Zgadzam się z odpowiedzią Pana Dubieleckiego - jestem pewna, że jest to zachowanie świadome. Zastanów się natomiast nad jedną kwestią: - czy człowiek, który ma lat 27 i bawi się kimś świadomie w taki sposób jest w ogóle wart Twojej uwagi i uczucia. Czy chciałabyś związać się z kimś niedojrzałym i zakompleksiałym? Bo moim zdaniem takie zachowania to dowód na leczenie kompleksów i niepowodzeń, zwłaszcza w stosunkach z kobietami. Jeśli masz możliwość, to może przyjrzyj się jego relacjom z innymi ludzmi - może to otworzy Ci oczy. Być może jest to człowiek, którego nikt nie traktuje na dłuższą metę poważnie właśnie dlatego, że inni wyczuwają lub zauważają w nim jego kompleksy i nieodpowiedzialność?
Jestem pewna, że uda Ci się wyjść cało z tej nieprzyjemnej sytuacji.
Pozdrawiam.
Odnośnik do komentarza
Witam.
Choć minęło już tyle czasu odkąd napisałam nadal nie mogę sobie poradzić z tym problemem.
Cały czas o nim myślę i nie potrafię przestać. Zdarza się, że gdziekolwiek pójdę to stale przez przypadek widzę jego imię, czy to w książkach czy gdzieś indziej. Wciąż mi się on śni i to bardzo często. Ja rozumię, że nie moglibyśmy być razem ale bardzo brakuje mi go fizycznie i psychicznie. Przez ponad miesiąc byliśmy tak na odległość, nie było czasu by tak spotkać się i pogadać sam na sam. Myślę, że to sprawiło, że nabrałam pewnego dystansu.

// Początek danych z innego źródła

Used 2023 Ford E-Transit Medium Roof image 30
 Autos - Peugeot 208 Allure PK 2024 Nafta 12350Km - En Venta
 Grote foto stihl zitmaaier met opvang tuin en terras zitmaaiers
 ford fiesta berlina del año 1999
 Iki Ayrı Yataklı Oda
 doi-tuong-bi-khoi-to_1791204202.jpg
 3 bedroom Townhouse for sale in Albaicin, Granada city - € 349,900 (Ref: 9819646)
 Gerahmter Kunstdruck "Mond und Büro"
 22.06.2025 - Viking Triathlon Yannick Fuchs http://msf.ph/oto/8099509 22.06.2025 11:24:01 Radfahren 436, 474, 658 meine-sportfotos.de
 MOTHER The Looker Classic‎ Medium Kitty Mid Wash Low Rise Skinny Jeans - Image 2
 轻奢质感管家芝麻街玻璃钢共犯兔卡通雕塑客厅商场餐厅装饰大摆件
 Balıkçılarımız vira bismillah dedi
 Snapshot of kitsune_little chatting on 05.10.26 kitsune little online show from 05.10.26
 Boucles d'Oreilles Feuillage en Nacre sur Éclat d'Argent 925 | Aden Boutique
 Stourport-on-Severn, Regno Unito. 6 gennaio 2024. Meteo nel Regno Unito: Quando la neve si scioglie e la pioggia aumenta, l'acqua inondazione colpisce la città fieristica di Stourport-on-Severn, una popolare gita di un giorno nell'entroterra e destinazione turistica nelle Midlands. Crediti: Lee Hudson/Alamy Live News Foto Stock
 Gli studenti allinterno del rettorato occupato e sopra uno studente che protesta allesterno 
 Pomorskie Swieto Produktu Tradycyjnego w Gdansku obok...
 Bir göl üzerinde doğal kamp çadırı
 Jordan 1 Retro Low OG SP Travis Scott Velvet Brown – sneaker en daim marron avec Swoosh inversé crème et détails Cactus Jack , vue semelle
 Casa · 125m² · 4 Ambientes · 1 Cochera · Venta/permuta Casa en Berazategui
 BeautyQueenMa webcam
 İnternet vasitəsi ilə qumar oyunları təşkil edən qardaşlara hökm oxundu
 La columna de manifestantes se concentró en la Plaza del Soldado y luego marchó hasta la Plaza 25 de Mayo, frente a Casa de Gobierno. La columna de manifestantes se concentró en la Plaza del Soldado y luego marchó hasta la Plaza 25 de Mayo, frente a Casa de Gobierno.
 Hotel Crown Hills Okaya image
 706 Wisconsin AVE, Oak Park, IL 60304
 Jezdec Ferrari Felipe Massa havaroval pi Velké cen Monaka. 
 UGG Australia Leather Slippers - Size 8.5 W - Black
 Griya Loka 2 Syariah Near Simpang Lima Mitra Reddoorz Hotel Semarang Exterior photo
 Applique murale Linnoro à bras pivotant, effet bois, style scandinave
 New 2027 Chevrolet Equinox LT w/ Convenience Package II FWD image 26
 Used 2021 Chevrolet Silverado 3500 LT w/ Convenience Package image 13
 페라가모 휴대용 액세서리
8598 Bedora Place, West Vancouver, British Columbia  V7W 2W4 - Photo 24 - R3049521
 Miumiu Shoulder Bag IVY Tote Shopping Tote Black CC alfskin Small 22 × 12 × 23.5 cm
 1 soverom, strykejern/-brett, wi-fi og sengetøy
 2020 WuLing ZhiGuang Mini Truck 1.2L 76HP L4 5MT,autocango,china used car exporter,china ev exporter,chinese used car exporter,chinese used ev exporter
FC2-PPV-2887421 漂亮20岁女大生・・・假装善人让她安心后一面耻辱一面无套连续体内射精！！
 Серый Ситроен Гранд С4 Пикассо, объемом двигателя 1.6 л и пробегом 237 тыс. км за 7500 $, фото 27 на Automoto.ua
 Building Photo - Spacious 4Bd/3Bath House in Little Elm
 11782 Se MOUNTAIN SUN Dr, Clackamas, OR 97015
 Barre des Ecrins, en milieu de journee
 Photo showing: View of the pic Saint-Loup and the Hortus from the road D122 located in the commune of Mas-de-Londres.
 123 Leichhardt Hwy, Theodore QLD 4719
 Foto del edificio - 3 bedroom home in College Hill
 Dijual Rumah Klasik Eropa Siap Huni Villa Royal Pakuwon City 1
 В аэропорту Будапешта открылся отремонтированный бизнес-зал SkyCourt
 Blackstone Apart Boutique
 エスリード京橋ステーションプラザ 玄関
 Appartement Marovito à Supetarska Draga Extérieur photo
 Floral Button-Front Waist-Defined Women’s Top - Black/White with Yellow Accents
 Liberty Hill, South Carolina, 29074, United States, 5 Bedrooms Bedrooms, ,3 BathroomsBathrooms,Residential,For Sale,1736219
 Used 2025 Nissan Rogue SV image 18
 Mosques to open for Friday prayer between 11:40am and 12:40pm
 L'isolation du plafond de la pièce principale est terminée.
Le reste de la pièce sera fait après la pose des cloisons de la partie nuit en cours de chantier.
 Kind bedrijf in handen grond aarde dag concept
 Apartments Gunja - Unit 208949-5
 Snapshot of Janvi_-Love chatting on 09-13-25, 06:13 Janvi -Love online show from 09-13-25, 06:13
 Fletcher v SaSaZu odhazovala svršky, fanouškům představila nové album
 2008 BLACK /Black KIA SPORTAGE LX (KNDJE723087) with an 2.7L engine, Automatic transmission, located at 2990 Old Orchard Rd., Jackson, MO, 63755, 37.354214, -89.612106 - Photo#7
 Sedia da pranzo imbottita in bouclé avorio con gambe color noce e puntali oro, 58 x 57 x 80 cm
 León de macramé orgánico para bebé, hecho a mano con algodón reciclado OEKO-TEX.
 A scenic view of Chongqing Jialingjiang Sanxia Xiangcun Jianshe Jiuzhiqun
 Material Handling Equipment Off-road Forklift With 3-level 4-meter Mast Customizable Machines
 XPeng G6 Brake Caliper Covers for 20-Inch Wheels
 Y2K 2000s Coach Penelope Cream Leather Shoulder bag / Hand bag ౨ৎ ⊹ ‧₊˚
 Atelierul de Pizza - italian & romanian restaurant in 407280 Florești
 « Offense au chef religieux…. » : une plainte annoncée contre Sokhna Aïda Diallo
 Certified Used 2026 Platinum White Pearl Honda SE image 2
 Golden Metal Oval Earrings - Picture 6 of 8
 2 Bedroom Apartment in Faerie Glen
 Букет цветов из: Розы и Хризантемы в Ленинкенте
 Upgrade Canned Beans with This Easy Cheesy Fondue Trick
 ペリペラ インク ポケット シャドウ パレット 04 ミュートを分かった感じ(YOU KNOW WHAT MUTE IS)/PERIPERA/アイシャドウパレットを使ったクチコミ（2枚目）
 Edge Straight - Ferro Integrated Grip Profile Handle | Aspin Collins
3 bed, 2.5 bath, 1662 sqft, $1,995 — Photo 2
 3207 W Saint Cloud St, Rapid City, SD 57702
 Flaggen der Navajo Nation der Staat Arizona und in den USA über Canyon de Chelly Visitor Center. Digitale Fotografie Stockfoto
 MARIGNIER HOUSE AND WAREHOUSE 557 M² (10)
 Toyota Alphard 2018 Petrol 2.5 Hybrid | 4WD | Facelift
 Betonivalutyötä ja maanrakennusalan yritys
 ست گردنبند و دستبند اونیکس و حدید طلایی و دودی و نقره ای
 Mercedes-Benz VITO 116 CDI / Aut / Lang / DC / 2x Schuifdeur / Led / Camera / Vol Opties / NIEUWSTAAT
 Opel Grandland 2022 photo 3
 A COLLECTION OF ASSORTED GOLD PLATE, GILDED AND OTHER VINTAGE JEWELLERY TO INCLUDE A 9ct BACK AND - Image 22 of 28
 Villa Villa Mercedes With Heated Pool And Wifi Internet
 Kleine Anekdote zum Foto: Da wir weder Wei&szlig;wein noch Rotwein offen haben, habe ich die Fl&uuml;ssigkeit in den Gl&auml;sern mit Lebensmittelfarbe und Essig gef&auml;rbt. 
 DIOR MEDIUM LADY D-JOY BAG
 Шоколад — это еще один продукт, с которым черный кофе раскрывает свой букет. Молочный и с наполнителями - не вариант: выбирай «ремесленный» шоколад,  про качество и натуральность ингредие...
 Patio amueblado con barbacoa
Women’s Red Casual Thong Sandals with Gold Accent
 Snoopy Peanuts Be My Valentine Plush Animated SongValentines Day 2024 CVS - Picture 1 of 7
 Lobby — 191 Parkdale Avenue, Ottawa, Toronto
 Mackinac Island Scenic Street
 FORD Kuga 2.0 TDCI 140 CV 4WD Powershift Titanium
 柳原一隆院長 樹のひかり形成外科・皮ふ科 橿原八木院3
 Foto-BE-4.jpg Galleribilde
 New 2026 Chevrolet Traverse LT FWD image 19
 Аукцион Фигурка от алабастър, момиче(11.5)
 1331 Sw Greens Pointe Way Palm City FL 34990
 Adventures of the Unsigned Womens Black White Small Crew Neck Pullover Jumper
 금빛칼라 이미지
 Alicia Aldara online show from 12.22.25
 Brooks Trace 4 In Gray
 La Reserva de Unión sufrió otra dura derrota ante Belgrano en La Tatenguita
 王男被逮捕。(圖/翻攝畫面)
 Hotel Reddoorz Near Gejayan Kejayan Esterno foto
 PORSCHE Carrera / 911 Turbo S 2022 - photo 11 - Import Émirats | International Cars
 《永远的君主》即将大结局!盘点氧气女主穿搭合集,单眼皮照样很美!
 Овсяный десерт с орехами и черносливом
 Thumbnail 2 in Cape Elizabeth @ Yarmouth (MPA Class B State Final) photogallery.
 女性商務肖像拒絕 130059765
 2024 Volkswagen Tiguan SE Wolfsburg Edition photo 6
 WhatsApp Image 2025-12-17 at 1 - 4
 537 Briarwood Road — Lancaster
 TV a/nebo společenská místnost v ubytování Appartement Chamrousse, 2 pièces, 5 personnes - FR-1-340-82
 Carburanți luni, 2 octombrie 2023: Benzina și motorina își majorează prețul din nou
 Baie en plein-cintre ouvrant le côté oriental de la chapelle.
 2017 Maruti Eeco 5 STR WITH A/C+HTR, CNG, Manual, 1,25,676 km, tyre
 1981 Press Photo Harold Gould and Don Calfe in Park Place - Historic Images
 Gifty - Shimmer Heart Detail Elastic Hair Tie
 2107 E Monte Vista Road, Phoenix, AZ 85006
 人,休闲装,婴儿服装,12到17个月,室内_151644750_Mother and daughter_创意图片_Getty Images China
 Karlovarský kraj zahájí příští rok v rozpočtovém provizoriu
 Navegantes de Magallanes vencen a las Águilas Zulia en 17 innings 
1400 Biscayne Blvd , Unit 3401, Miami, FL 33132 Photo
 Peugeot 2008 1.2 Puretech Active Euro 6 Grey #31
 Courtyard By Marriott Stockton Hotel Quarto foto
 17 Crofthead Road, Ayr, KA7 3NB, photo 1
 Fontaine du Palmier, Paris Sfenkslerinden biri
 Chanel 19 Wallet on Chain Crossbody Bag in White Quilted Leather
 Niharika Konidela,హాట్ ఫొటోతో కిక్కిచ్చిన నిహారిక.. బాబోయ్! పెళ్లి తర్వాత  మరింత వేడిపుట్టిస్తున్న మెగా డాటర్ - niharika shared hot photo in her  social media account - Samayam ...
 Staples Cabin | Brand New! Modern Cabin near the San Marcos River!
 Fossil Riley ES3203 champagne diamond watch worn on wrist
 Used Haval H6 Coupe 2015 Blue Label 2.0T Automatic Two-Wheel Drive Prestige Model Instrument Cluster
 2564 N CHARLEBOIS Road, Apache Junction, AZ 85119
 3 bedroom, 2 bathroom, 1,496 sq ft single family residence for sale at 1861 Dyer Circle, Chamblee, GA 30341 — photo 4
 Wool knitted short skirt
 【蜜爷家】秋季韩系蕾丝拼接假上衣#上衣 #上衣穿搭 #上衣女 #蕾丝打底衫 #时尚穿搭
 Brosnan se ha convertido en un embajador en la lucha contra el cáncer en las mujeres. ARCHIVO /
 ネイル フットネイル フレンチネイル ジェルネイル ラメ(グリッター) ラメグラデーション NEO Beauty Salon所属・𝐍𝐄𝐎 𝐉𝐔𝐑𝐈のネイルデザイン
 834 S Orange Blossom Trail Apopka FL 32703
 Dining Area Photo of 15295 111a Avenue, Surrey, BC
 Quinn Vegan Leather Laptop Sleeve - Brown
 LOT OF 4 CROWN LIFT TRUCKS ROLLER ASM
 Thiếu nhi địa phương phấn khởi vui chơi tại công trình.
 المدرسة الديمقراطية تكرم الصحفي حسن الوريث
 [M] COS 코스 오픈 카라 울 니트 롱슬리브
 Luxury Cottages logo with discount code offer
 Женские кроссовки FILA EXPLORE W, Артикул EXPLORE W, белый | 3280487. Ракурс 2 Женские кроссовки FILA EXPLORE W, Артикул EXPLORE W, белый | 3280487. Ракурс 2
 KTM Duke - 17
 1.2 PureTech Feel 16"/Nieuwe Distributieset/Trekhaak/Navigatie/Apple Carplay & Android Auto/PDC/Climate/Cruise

Staram się poszukać wśród swoich znajomych kogoś bardziej wartego moich uczuć i tu jest kolejny problem. Nie wiem czy ja jestem jakaś pechowa czy co. Bo jest taki jeden chłopak, ma 22 lata, ale jest tu pewne ale.
Nie dosyć, że:
-jest on przyjacielem tego chłopaka w którym się zakochałam ( co już wyklucza wszystko)
-jest on zauroczony w dziewczynie z którą kiedyś był ale ona już ma innego, więc nie ma u niej szans gdyż ją zdradził
-podoba się mojej przyjaciółce :( i to jest chyba najgorszy problem bo ja nie mogę jej go odebrać chociaż ja miałam go na oku już wcześniej. Kiedyś byłam w takiej sytuacji i wybrałam chłopaka dziewczynie która do dziś jest na mnie obrażona ;(

No i co ja mam zrobić skoro niestety, nie mogę być szcześliwa. Życie mi na to nie pozwala.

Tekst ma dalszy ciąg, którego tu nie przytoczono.